■ **Problem to work on**
Only the lines from the one containing "Lululemon Tapered Mid" to the end of the data are wanted; print them exactly as they appear.

Records from a data source
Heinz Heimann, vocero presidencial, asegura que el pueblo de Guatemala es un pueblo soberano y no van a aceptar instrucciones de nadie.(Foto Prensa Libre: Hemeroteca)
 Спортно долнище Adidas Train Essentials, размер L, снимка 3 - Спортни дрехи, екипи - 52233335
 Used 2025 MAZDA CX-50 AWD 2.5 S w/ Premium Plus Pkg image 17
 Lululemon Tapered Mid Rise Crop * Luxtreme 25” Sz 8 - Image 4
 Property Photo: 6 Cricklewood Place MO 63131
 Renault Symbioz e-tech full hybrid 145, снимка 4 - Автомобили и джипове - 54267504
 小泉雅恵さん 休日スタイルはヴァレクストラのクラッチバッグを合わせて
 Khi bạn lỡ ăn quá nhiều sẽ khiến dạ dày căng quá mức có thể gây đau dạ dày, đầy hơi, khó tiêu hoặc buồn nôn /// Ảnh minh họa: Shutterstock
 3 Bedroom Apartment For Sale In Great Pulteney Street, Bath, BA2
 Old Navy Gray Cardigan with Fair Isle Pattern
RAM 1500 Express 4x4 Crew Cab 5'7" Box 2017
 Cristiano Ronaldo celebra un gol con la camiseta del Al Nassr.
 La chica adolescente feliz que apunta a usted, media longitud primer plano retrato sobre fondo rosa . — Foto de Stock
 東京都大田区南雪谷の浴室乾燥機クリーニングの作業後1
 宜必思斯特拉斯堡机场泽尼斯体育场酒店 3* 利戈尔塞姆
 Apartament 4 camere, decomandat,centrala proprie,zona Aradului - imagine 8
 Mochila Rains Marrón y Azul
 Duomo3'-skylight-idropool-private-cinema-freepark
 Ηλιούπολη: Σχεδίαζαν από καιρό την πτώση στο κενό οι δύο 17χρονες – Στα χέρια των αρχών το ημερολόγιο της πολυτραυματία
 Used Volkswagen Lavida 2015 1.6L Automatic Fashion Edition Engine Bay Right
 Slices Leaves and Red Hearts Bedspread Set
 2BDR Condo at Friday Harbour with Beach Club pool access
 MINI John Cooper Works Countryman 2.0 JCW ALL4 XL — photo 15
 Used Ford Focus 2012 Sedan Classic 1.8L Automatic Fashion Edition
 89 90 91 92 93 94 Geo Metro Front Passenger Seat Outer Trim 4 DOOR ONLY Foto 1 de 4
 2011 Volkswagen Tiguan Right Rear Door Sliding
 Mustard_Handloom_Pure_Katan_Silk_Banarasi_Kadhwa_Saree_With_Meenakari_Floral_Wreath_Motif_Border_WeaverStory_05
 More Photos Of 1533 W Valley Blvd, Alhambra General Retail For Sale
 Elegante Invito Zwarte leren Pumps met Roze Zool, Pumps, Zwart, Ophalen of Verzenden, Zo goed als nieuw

■ **Solved exercise**
 Lululemon Tapered Mid Rise Crop * Luxtreme 25” Sz 8 - Image 4
 Property Photo: 6 Cricklewood Place MO 63131
 Renault Symbioz e-tech full hybrid 145, снимка 4 - Автомобили и джипове - 54267504
 小泉雅恵さん 休日スタイルはヴァレクストラのクラッチバッグを合わせて
 Khi bạn lỡ ăn quá nhiều sẽ khiến dạ dày căng quá mức có thể gây đau dạ dày, đầy hơi, khó tiêu hoặc buồn nôn /// Ảnh minh họa: Shutterstock
 3 Bedroom Apartment For Sale In Great Pulteney Street, Bath, BA2
 Old Navy Gray Cardigan with Fair Isle Pattern
RAM 1500 Express 4x4 Crew Cab 5'7" Box 2017
 Cristiano Ronaldo celebra un gol con la camiseta del Al Nassr.
 La chica adolescente feliz que apunta a usted, media longitud primer plano retrato sobre fondo rosa . — Foto de Stock
 東京都大田区南雪谷の浴室乾燥機クリーニングの作業後1
 宜必思斯特拉斯堡机场泽尼斯体育场酒店 3* 利戈尔塞姆
 Apartament 4 camere, decomandat,centrala proprie,zona Aradului - imagine 8
 Mochila Rains Marrón y Azul
 Duomo3'-skylight-idropool-private-cinema-freepark
 Ηλιούπολη: Σχεδίαζαν από καιρό την πτώση στο κενό οι δύο 17χρονες – Στα χέρια των αρχών το ημερολόγιο της πολυτραυματία
 Used Volkswagen Lavida 2015 1.6L Automatic Fashion Edition Engine Bay Right
 Slices Leaves and Red Hearts Bedspread Set
 2BDR Condo at Friday Harbour with Beach Club pool access
 MINI John Cooper Works Countryman 2.0 JCW ALL4 XL — photo 15
 Used Ford Focus 2012 Sedan Classic 1.8L Automatic Fashion Edition
 89 90 91 92 93 94 Geo Metro Front Passenger Seat Outer Trim 4 DOOR ONLY Foto 1 de 4
 2011 Volkswagen Tiguan Right Rear Door Sliding
 Mustard_Handloom_Pure_Katan_Silk_Banarasi_Kadhwa_Saree_With_Meenakari_Floral_Wreath_Motif_Border_WeaverStory_05
 More Photos Of 1533 W Valley Blvd, Alhambra General Retail For Sale
 Elegante Invito Zwarte leren Pumps met Roze Zool, Pumps, Zwart, Ophalen of Verzenden, Zo goed als nieuw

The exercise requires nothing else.